Mark: We have a proposal for you. Instead of slaving away here day in, day out, you could cash in on your delicious dumplings.
Mme Chu: Listen, I’ve been around the block a few times. Don’t try to sell me a bill of goods.
Mark: Let me put my cards on the table. We’re from a food company in the United States, and we’ve come with a great offer.
Mme Chu: Oh, yeah? What are you offering?
Mark: We’d like to sell Madame Chu dumplings in the United States. We’d like to hire you.
Mme Chu: The last time we talked, I was under the impression you just wanted my recipes.
Mark: Right, but now I’ve got an offer you can’t refuse.
Mme Chu: I’ve got customers now. Come back at 5 o’clock, and we can get down to brass tacks.
→ unable to speak clearly because one is nervous or embarrassed
Example: When Beth’s boss asked her why she was gone for three hours for lunch, she became tongue-tied.
- (to) warm up to someone
→ to get comfortable with someone; to be nicer to someone after a period of time
Example: At first I thought our new neighbors were strange, but I’m starting to warm up to them.
- (to) shoot the breeze
→ to waste time talking; to chat
Example: The postal clerk was shooting the breeze with one of the customers as the line got longer and longer.
- any minute now
→ very soon
Example: I need to hang up. I’m expecting a phone call from my doctor any minute now.
- (to) slave away
→ to work very hard for not much reward
Example: Jennifer slaved away at a big law firm for 10 years before finally deciding she’d rather work as a teacher.
- day in, day out
→ every day, over a long period of time
Example: Kendra lives right near the airport, so day in, day out, she hears airplanes taking off and landing.
- (to) cash in on
→ to make money from; to profit from
Example: The mall is open until midnight the entire week before Christmas to cash in on the holiday shopping rush.
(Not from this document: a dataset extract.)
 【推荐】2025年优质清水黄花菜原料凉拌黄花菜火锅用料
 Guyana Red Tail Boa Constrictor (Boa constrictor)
- been around the block a few times
→ has a lot of experience
Example: We’re looking for an experienced money manager to manage the new fund – somebody who’s been around the block a few times.
- (to) sell someone a bill of goods
→ to deceive someone; to cheat someone; to tell someone something that is not true
Example: When you buy your new house, be careful what kind of mortgage you take. Your mortgage lender may try to sell you a bill of goods!
- (to) put one’s cards on the table
→ to be honest with someone; to say openly what one is thinking about or planning
Example: Let me put my cards on the table. If I don’t get promoted this year, I’m going to leave the company.
Note: You will also see the variation “to lay one’s cards on the table.”
- under the impression
→ believing; convinced
Example: Jill is under the impression that if she does 100 sit-ups a day, she’ll flatten her stomach.
- an offer one can’t refuse
→ a great offer (note: sometimes also used to mean a bad offer one is forced to take)
Example: The car salesman said, “I’m going to make you an offer you can’t refuse!”
- (to) get down to brass tacks
→ to start discussing business; to come to the point
Example: With just a few months to go before the presidential election, the candidates are finally getting down to brass tacks.